Material provided below:

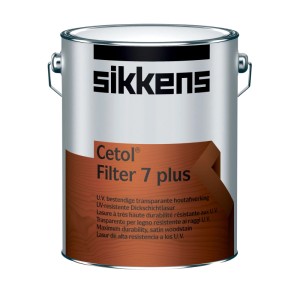 Sikkens Cetol Filter 7 Plus Holzlasur, Palisander, seidenglänzend, 5 l Dose. UV-beständiger Holzschutz für außen.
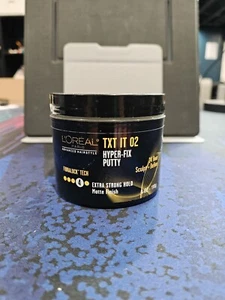 L'Oreal TXT IT 02 Hyper-Fix Putty Extra Strong Hold 4 oz Heat Protection Discon. - Picture 1 of 1
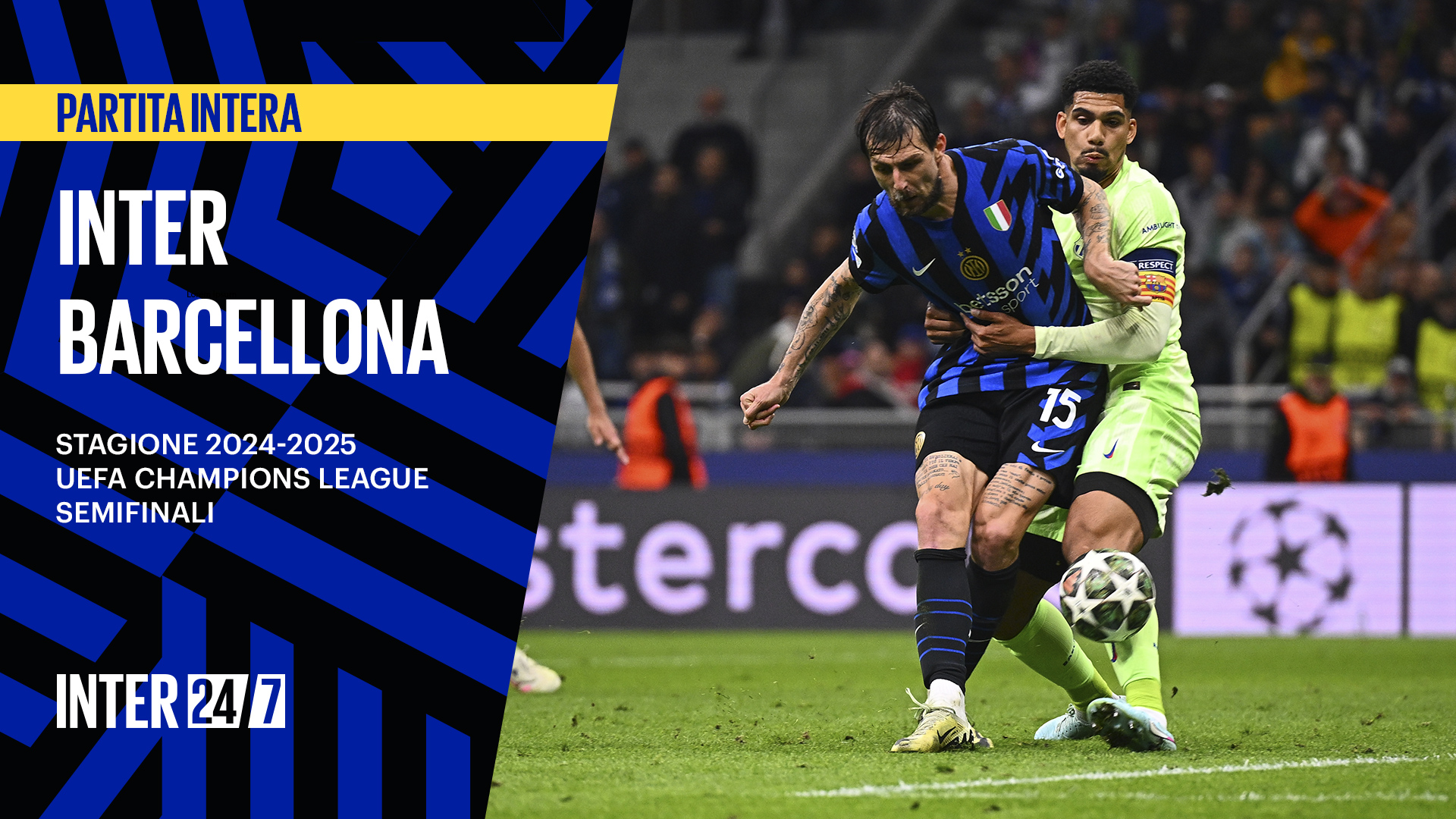 Champions League Inter-Barcelona 2024/2025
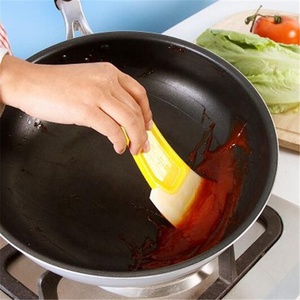 Spatule en silicone antiadhésive pour pot à huile, épandeur de <span class=keywords><strong>beurre</strong></span>, outil de cuisine, accessoires de cuisine, spatule anti-taches, nettoyeur de poêle à frire <span class=keywords><strong>sale</strong></span> - Product Image 3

End of Material provided.

**Exercise prompt**
Omit the pictures and write out exactly the lines from the one containing "L'Oreal TXT IT" through the last line of the material.

**Solved exercise**
 L'Oreal TXT IT 02 Hyper-Fix Putty Extra Strong Hold 4 oz Heat Protection Discon. - Picture 1 of 1
 Champions League Inter-Barcelona 2024/2025
 Spatule en silicone antiadhésive pour pot à huile, épandeur de <span class=keywords><strong>beurre</strong></span>, outil de cuisine, accessoires de cuisine, spatule anti-taches, nettoyeur de poêle à frire <span class=keywords><strong>sale</strong></span> - Product Image 3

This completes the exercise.